The six NGOs Israel banned as “terrorist groups” were not only were staffed by members of the PFLP, but served as the conduits for funds that they received from unsuspecting donors, and then were transferred to the PFLP.
The overlap of PFLP personnel with those staffing the six NGOs, and those NGOs also transferring donor funds to the PFLP, proved convincing enough for one European country, the Netherlands, which initially was doubtful about Israel’s charges against these six NGOs, to itself stop its funding of the Union of Agricultural Work Committees (UAWC) this past January; the UAWC is one of the six Palestinian NGOs Israel banned last year due to ties to the Popular Front for the Liberation of Palestine (PFLP) terrorist organization.

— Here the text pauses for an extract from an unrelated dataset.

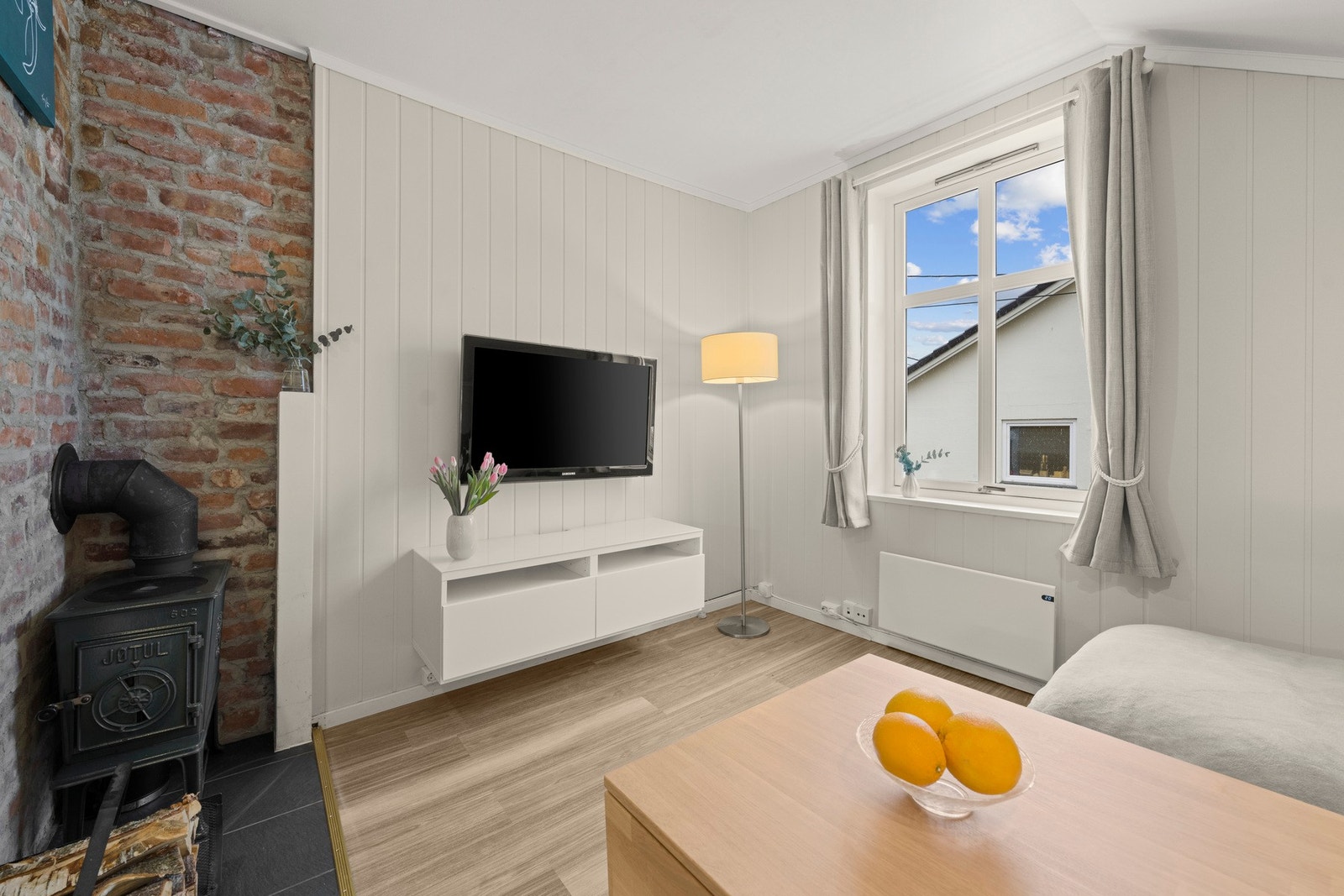 Lekre detaljer med innslag av tegstein og bjelker i takhimling Galleribilde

In a letter to the Dutch parliament, two ministers wrote that their investigation found that 34 UAWC employees were active in the PFLP in 2007-2020, some at the same time as holding leadership positions in the terrorist group.

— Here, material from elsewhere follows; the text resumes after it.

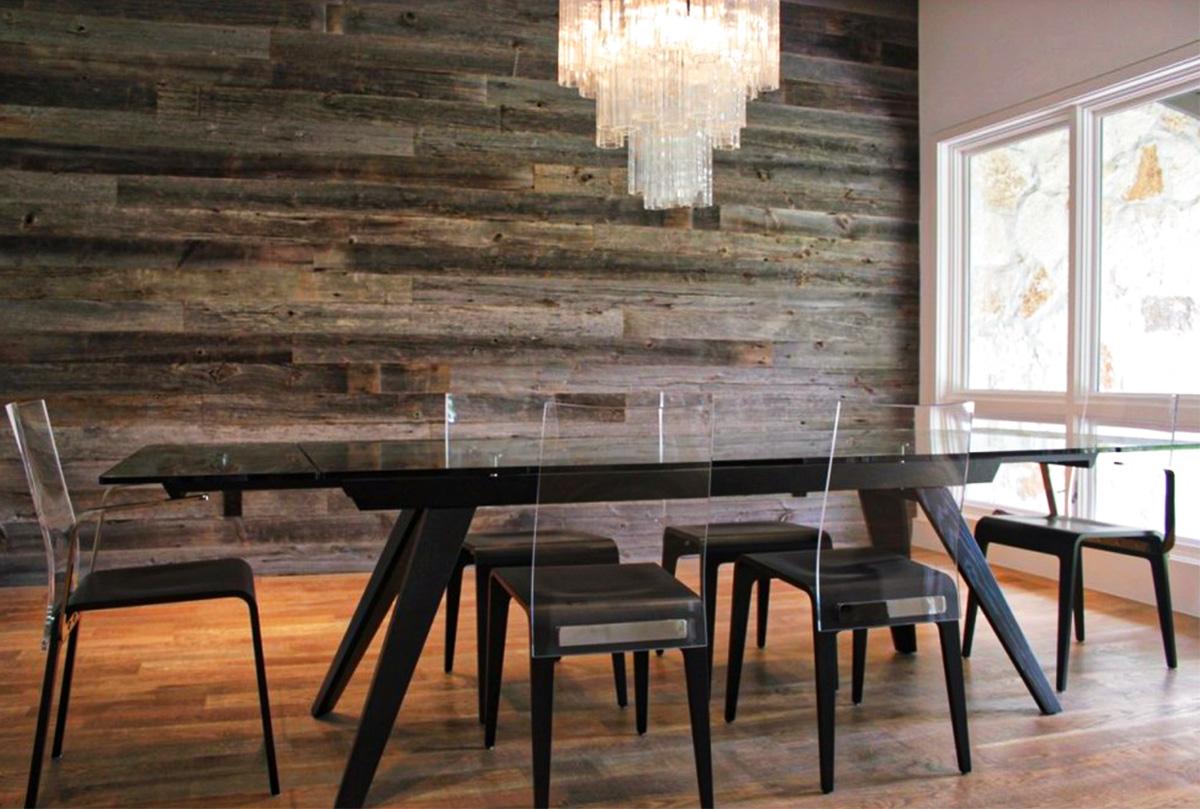 Thiết kế nội thất phòng ăn giá rẻ với gỗ tái chế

And after it had initially insisted that Israel provide more proof of its allegations about the six NGOs, Washington has gone silent on the matter, presumably because that proof was provided by Israel. The Bidenites still don’t want to follow Israel’s lead and designate those NGOs as terrorist organizations; they are trying to appease the P.A. just as they have been appeasing Iran in Vienna.
Finally, there is an irony in Barghouti accusing Jerusalem of weaponizing antisemitism, when she has manifestly spread anti-Jewish hatred online.

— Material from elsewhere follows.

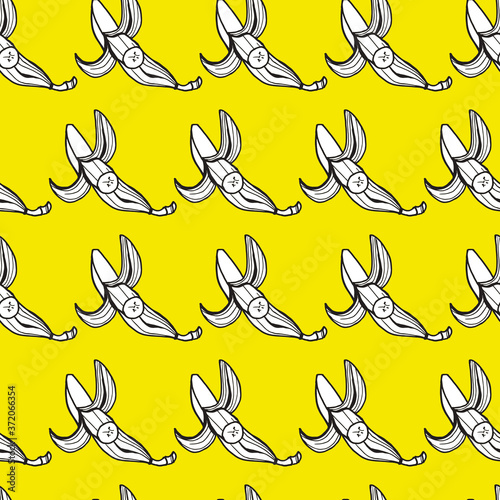 seamless pattern white bananas with a black outline on a yellow background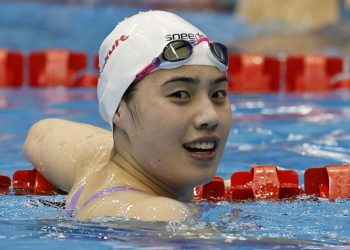 China grabs 2 gold medals at worlds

Just this week — mere hours before a Palestinian gunman murdered five people in the central city of Bnei Brak and amid a wave of terrorism — Barghouti tweeted that every year around the time of the Muslim holy month of Ramadan, Israel becomes “charged with intensified aggression” to create circumstances whereby Palestinians face violence or “the fear and crippling anxiety of anticipated attacks.”…
Ramadan is well known to be a time when Muslim violence erupts, and not just in Israel; it’s the Palestinians, not the Israelis, who during this Ramadan, as in all previous Ramadans, will demonstrate “intensified aggression” against the Israelis. Barghouti turns it upside down, claiming that the violence that erupts at Ramadan will come from the Israelis, and that is why the poor Palestinians, at such risk of terrible violence from the Jews, suffer this “fear and crippling anxiety of anticipated attacks.” That “fear and anxiety” is not felt by the Palestinians, but by their intended victims, Israel’s Jews, who know all too well how the Muslim Arabs customarily behave at Ramadan.
Will the Washington Post, following the “fairness doctrine,” allow an op-ed to be published in response to Mariam Barghouti? Such an article would answer her claim that Israel is an “apartheid” state, by citing all the ways that Israeli Arabs work, study, play, are treated medically, side by side with Jews, and serve in every part of Israel’s government, from the Knesset to the Supreme Court to the diplomatic corps.
And such an article would note that the evidence linking those six NGOs in Israel to the terrorist PFLP has now apparently been accepted by the Biden Administration, as it has ceased to criticize Israel’s banning of those six NGOs.
Finally, the editors of the Washington Post should ask themselves if they think it proper to run an op-ed on the sins of Israel by someone who clearly has exhibited a deep antisemitism, according to the IHRA definition. Shouldn’t such views have disqualified Mariam Barghouti from making her malevolent and baseless claims about Israel from the exalted heights of the Washington Post’s op-ed page?